Sitting on the front porch of this Federal house on the intersection of two quiet country roads in upstate New York, I discover it was once a gentleman’s farm. Apparently he grew apples and tended poultry here in the summer, and in winter he went across country to California to farm there. East coast and west coast: two different worlds on this vast continent called the United States.

On this July 4th Independence day, as my north-eastern friends quietly celebrate this important birth day with food cooked on the barbecue and intellectual conversation, I am only half listening to what is being said. My mind is wandering over the Redwood forests and Pacific coastline, through low desert and high desert and into the great plains that I have just ridden across in my faithful VW camper van. My body arrived on the eastern seaboard a day ago yet my emotions and spirit are trailing behind, holding onto wonderful memories that are worthy of savoring for months to come.

I take a quick look at a journal that I had begun way back at the start of this year in northern California, and recount the strong political voice of environmentalists talking of the Redwood forests, sustainable farming and local communities. There is a flavor of the wild west in California that I had not realized before, distinctly different from the apparently more detached air of the northeast.

As my mind continues to wander through fields of corn and pastures of cattle, I remember the warmth and friendliness of the mid west states of Oklahoma and Missouri and the people I met on old route 66, young and old alike attracted there by the values of a bygone era. This “the mother road” of America, the first interstate that connected the heartland with the wild west, is undergoing a resurgence, it seems. As people search for meaning and interconnectedness in a world that has moved at a pace too fast for the human psyche to follow, is there still a common thread that unites this land and its people, I wonder.

How can I possibly begin to describe this great land and what it is to be American? How do I write about ‘the true spirit of America’ that I have been in search of while driving from west to east all these months?

This vast continent is one of states as large as some European countries, each proud of its way of life and often at odds with a government whose center is a long way away in distance and in its thinking. The wild west of Arizona, New Mexico and Texas is about as different as you can get from the cool intellectualism of  New Jersey, New York, and New England. Yet even in this day and age where the optimism of the American dream is eclipsed by the worst recession that most have experienced and daily news of the Gulf oil disaster brings more doom and gloom, there is still an underlying belief that this nation will prevail. Despite all, there still exists the intensity and desire to be ruggedly independent and to create one’s own order.

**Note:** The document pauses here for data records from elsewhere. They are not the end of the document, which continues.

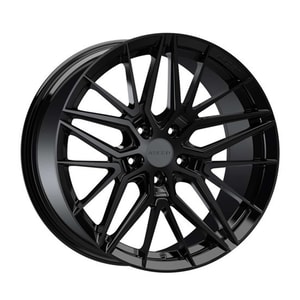 8.5X19" PCD 5X114 Arceo Wheels  19193 BLACK SEVILLA ET35 73.1 mm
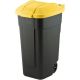 CURVER WASTE BIN BLACK 110L... /YELLOW LID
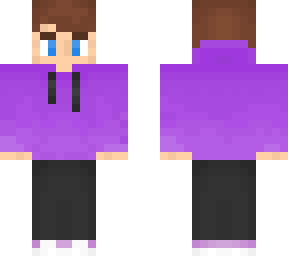 classic purple hoodie boy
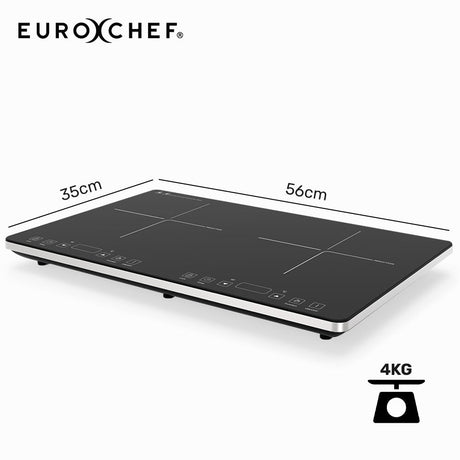 Dimension diagram of the portable induction cooktop, 56 x 35 x 4.5 cm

Does this fiery spirit come from those immigrants who left the confines of Europe to break free and create a new dream or is it in the earth itself, and what is it that keeps it alive?

Perhaps it is the vast open backdrop of this huge and wide continent that keeps the American spirit boundless, alive and free. When the terrain is so vast and its people so varied, it is not possible for the human psyche to do anything but expand beyond the horizon of what the eye can see or the ear can discern.

And as I listen to the voices I have heard and recall the surprise of Californians who thought they had no accent, Texans who smiled when I joked that I sounded just like them and Oakies with their rich, golden tones, I pause to find one word to sum up the spirit of America.

And then I chuckle, for it’s most apt today of all days. The one word is Rebellious!

Rebellious! So very obvious really and I laugh aloud as if I had never thought of it before.